### What to do
Taking the line that contains "Weekday Gray Uno" as the first, copy each line exactly up to and including the last line below.

### Data for this task
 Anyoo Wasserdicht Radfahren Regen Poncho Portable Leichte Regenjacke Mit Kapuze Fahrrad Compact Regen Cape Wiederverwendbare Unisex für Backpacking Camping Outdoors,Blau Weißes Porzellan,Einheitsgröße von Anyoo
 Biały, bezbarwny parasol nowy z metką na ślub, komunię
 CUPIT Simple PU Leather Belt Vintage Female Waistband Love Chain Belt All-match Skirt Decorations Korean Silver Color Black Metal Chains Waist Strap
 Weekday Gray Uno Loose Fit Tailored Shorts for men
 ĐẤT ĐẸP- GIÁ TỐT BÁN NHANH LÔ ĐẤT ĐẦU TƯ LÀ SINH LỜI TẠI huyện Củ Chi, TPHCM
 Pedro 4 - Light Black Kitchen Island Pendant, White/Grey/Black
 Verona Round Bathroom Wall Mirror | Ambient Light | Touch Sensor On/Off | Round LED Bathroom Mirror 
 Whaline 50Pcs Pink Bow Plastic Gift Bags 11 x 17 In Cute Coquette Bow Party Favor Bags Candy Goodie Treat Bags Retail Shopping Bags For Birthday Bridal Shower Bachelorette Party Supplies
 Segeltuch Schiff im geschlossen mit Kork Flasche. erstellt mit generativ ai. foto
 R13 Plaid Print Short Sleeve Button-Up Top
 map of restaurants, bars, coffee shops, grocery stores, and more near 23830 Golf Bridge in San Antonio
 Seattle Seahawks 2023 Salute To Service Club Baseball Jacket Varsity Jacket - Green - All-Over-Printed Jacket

### Finished task
 Weekday Gray Uno Loose Fit Tailored Shorts for men
 ĐẤT ĐẸP- GIÁ TỐT BÁN NHANH LÔ ĐẤT ĐẦU TƯ LÀ SINH LỜI TẠI huyện Củ Chi, TPHCM
 Pedro 4 - Light Black Kitchen Island Pendant, White/Grey/Black
 Verona Round Bathroom Wall Mirror | Ambient Light | Touch Sensor On/Off | Round LED Bathroom Mirror 
 Whaline 50Pcs Pink Bow Plastic Gift Bags 11 x 17 In Cute Coquette Bow Party Favor Bags Candy Goodie Treat Bags Retail Shopping Bags For Birthday Bridal Shower Bachelorette Party Supplies
 Segeltuch Schiff im geschlossen mit Kork Flasche. erstellt mit generativ ai. foto
 R13 Plaid Print Short Sleeve Button-Up Top
 map of restaurants, bars, coffee shops, grocery stores, and more near 23830 Golf Bridge in San Antonio
 Seattle Seahawks 2023 Salute To Service Club Baseball Jacket Varsity Jacket - Green - All-Over-Printed Jacket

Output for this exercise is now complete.